The elastic cross sections decrease smoothly with increasing energy and exhibit broadly similar trends in both the ROP and OPM approaches, particularly above approximately 10 eV. The direct annihilation cross section displays the characteristic low-energy enhancement associated with the $1/v$ dependence of the annihilation probability, reflecting the increased interaction time between the positron and the target electrons as the positron velocity decreases.

The direct annihilation cross section for positrons in radon is very similar to that in xenon [18,31]. Across the noble gases from helium to xenon, the cross section increases with atomic number, reflecting the growing electron population. For heavier atoms, however, outer-shell screening limits the contribution of inner electrons, leading to a saturation with increasing atomic size, as observed for xenon and radon.

Ps formation becomes energetically accessible at 3.95 eV, corresponding to the difference between the first ionization potential of radon and the 6.77 eV binding energy of ground-state positronium. Above this threshold the Ps formation cross section rises rapidly and dominates the inelastic collision processes within the Ore gap, where no other inelastic channels are energetically available. A noticeable change in slope occurs just below the ionization threshold and corresponds to the onset of excited-state Ps formation, beginning with the $n=2$ level. Higher excited states ($n=3$ and $n=4$) are also accessible below the ionization threshold but contribute only weakly on the scale shown. At higher energies, excitation and subsequently ionization channels open and compete with Ps formation, redistributing the inelastic flux. The empirical models of Machacek et al. [29] and Kim & Rudd [30] produce similar magnitude and energy dependence for Ps formation and ionization respectively, providing additional support for the present ROP results.

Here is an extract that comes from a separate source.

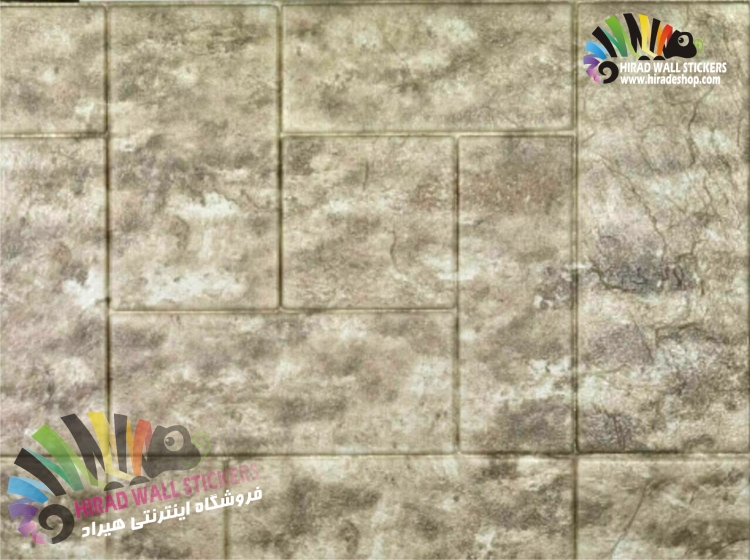 دیوارپوش فومی پشت چسبدار طرح سنگ روس بژ کد M-Stone Beige دیوارپوش فومی پشت چسبدار طرح سنگ روس بژ کد M-Stone Beige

Overall, the ROP and OPM elastic cross sections show good qualitative agreement, particularly above approximately 10 eV. However, notable differences arise in the treatment of inelastic processes. The OPM results report only a total inelastic cross section, without resolving excitation, ionization and Ps formation separately. In contrast, the ROP method explicitly distinguishes these channels, allowing a more detailed assessment of their individual contributions. In particular, the ROP positronium-formation cross section is larger than the OPM total inelastic cross section at low and intermediate energies, indicating a significant quantitative difference in the predicted absorption strength.

At higher energies (above ∼30 eV), the ROP ionization cross section exceeds the OPM inelastic result, despite the latter nominally including all inelastic channels. This suggests that differences in the construction of the absorption potential lead to appreciable variations in predicted inelastic flux. Given the fully relativistic and state-resolved treatment employed in the ROP framework, these results provide a more physically transparent representation of positron–radon scattering dynamics.

3.2. Transport Properties

3.2.1. Steady-State Calculations

Steady-state transport coefficients for a positron swarm in radon at 293 K were calculated over the reduced electric field range $0.01\le E/N\le 1000$ Td using the ROP cross-section set. Both flux and bulk coefficients are presented in order to quantify the influence of non-conservative processes on swarm dynamics. The results are shown in Figure 2.

The top left panel displays the volumetric reaction rates for direct annihilation, positronium (Ps) formation and positron-impact ionization. At very low reduced electric fields, the annihilation rate is relatively large due to the enhancement of the low-energy annihilation cross section. As $E/N$ increases and the mean positron energy rises, the annihilation rate decreases accordingly. Ps formation becomes energetically accessible once the mean energy exceeds the threshold at 3.95 eV, corresponding to $E/N\approx 0.5$ Td. Above this field strength, Ps formation rapidly dominates the reactive loss processes. Although ionization is energetically allowed at higher fields, it remains a comparatively weak channel over the entire range considered. It should be noted that, for positron swarms, ionization is a particle-conserving process.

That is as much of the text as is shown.